7.2 Improvement of population estimates
As well as allowing investigation of the relationships between variables within survey data sets, regression estimation allows the improvement of population level estimates.
For example if a numerical variable \(Y_i\) can be modelled well by a set of \(J\) variables \({\mathbf{X}}_i=(X_{i1}, \ldots, X_{iJ})\): \[ Y_i = \mathbf{X}_i^T\beta + \varepsilon_i = \sum_{j=1}^J X_{ij}\beta_j + \varepsilon_i \] then the simple Horwitz-Thompson estimate the population total \(Y\) \[ \widehat{Y}_{\mathrm{HT}} = \sum_{k=1}^n w_k y_k \] may be improved by replacing the observed values \(y_k\) by the fitted values \(\widehat{y}_k\) from the regression \[\begin{eqnarray*} \widehat{Y}_{\mathrm{reg}} &=& \sum_{k=1}^n w_k \widehat{y}_k\\ &=& \sum_{k=1}^n \sum_{j=1}^J w_kX_{kj}\widehat{\beta}_j\\ &=& \sum_{k=1}^n \widehat{X}_j\widehat{\beta}_j \end{eqnarray*}\] where \(\widehat{X}_j=\sum_{j=1}^J w_kX_{kj}\) is an estimate of the population total of the \(j^{\mathrm{th}}\) variable \(\mathbf{X}_j\). If the true values of these totals are known (from some external source) than an even more precise estimate of \(\widehat{Y}\) may be created by replacing \(\widehat{X}_j\) with their true values \(X_j\) \[\begin{eqnarray*} \widehat{Y}_{\mathrm{R}} &=& \sum_{k=1}^n X_j\widehat{\beta}_j \end{eqnarray*}\] A particular example is the ratio estimator where there is one predictor variable \(X\) and the regression relationship is a simple proportionality: \[ Y_i = \beta X_i + \varepsilon_i \] which for a SRSWOR leads to \(\widehat{\beta}=\bar{y}/\bar{x}\) and thus to \(\widehat{Y}=X\bar{y}/\bar{x}\).

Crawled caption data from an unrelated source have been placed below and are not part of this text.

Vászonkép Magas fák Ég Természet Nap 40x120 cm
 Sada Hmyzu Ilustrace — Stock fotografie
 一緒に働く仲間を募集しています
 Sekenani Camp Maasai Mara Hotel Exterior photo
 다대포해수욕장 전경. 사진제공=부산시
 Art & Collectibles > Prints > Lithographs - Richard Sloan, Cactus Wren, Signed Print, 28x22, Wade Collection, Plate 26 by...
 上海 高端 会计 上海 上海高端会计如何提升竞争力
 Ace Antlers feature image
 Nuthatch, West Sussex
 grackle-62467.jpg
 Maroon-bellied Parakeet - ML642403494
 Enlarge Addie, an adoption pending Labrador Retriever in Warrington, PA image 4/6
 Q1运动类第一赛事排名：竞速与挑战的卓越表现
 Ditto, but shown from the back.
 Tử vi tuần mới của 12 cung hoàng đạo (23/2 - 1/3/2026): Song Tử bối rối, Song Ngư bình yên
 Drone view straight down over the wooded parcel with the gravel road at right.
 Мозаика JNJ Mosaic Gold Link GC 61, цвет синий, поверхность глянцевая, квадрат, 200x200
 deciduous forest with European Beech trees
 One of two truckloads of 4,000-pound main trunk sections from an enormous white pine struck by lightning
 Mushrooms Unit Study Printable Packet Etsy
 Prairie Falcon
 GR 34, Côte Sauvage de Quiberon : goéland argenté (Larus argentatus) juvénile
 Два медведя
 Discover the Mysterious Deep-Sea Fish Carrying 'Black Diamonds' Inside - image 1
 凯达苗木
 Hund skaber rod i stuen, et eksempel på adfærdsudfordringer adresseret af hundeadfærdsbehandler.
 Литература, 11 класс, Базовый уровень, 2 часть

The generalised regression (GREG) estimator is yet another alternative \[\begin{eqnarray*} \widehat{Y}_{\mathrm{greg}} &=& \sum_{i=1}^N \widehat{y}_i + \sum_{k=1}^n w_k(y_k - \widehat{y}_k)\\ &=& \sum_{j=1}^J X_j\widehat{\beta}_j + (\widehat{Y}_{\mathrm{HT}} - \widehat{Y}_{\mathrm{reg}}) \end{eqnarray*}\]
iNZight is not (yet) set up for this kind of estimation.